In contrast, the independent sector suffered much more in the post-Napster era, which is why many indie labels started enthusiastically looking towards syncing as one of the few areas of the music industry that could potentially be at all lucrative. Areas of the indie sector where were once extremely hostile to the idea of ‘selling out’ to corporate money are increasingly taking a more pragmatic approach, seeing it as an important revenue stream in an era of diminishing returns from music sales.
That is not to say that affordability is the main reason for venturing into the world of independents. Indies can also come with an increased cache of credibility, especially among audiences who might otherwise be hard to reach. We’re used to the biggest stars working with brands and appearing on soundtracks, but hearing a smaller artist on an advert is likely to really make their fans sit up and take notice – and while that fanbase may be significantly smaller, engagement within it may be far higher.

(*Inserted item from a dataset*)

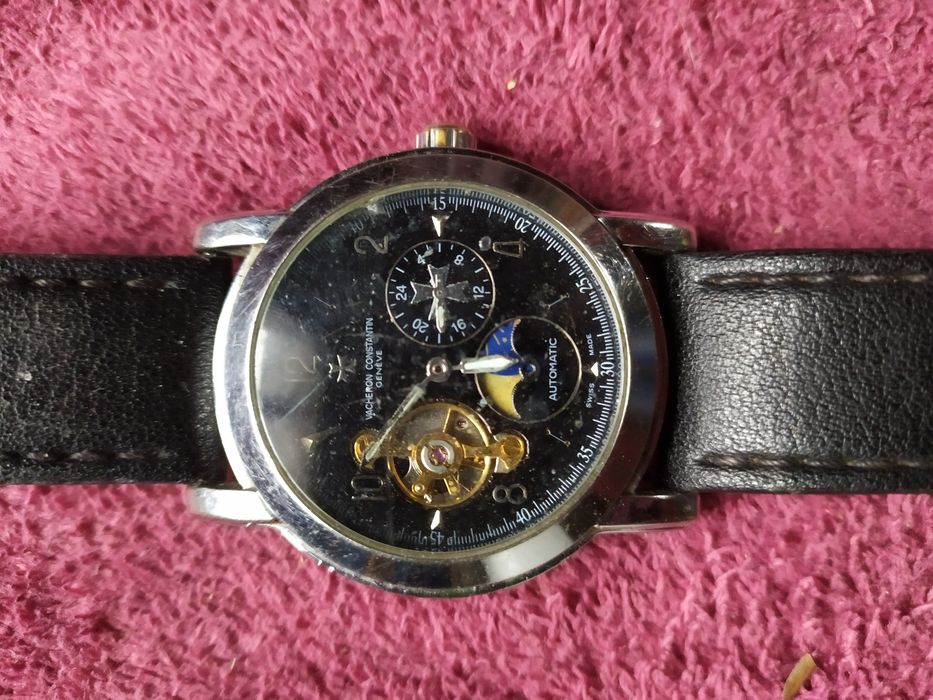 Vând ceas marca viceron Constantin pentru mai multe detalii la telefon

While the internet may have hit independents hard revenue-wise, new modes of distribution and promotion have also made it easier for them to find an audience than ever. Add to that the fact that independent labels are considerably easier to negotiate with than the target-hitting behemoths that are the majors, and it’s clear to see that the independent sector provides a fertile hunting ground for music to fit any campaign. Even if you’ve already earmarked a major label track, we’d advise putting the brief out to independent labels just in case it doesn’t come off. Or in case they can find you something better…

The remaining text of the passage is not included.